The Trump administration is rescinding a Biden-era memo that declared higher education institutions could violate federal anti-sex discrimination laws if they failed to provide “equivalent” opportunities to women student-athletes when paying them for the use of their name, image and likeness rights.

"The NIL guidance, rammed through by the Biden Administration in its final days, is overly burdensome, profoundly unfair, and it goes well beyond what agency guidance is intended to achieve," said Craig Trainor, the department's acting assistant secretary for civil rights.

An NCAA spokesperson declined to comment.

A nine-page department fact sheet issued in the waning days of former President Joe Biden's administration said it did not have the force and effect of law and was not meant to be binding.

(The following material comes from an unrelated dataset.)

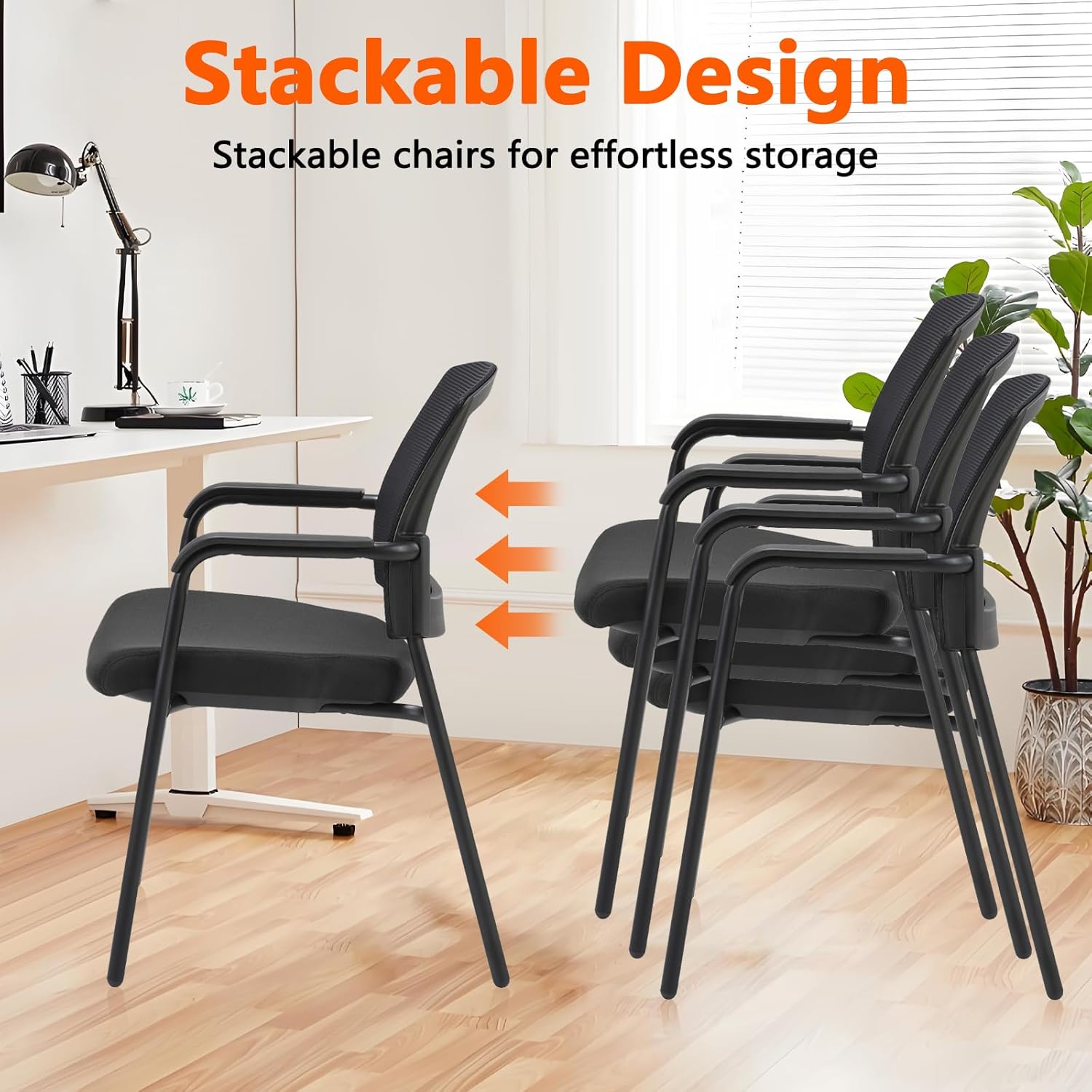 CLATINA Office Reception Guest Chair Mesh Back Stacking with Ergonomic Lumbar Support and Thickened Seat Cushion for Waiting Conference Room Black Black 1 Pack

But its message reverberated among college athletics leaders who had pressed Biden's Education Department to issue specific guidance on how schools can comply with Title IX considering a pending proposal to settle three antitrust lawsuits that targeted restrictions on pay and benefits players can receive for their work and publicity rights.

Schools would have been responsible for ensuring that they are offering equal athletic opportunities in their athletic programs, including in the NIL context, Biden's civil rights office said. The department further declared that when schools give student-athletes financial assistance, including payment for the use of their publicity rights, “such assistance also must be made proportionately available to male and female athletes.”

Trump's administration has now rejected that view.

"Without a credible legal justification, the Biden Administration claimed that NIL agreements between schools and student athletes are akin to financial aid and must, therefore, be proportionately distributed between male and female athletes under Title IX," said Trainor, who Trump just nominated to serve as assistant secretary of housing and urban development.

"Enacted over 50 years ago, Title IX says nothing about how revenue-generating athletics programs should allocate compensation among student athletes. The claim that Title IX forces schools and colleges to distribute student-athlete revenues proportionately based on gender equity considerations is sweeping and would require clear legal authority to support it. That does not exist."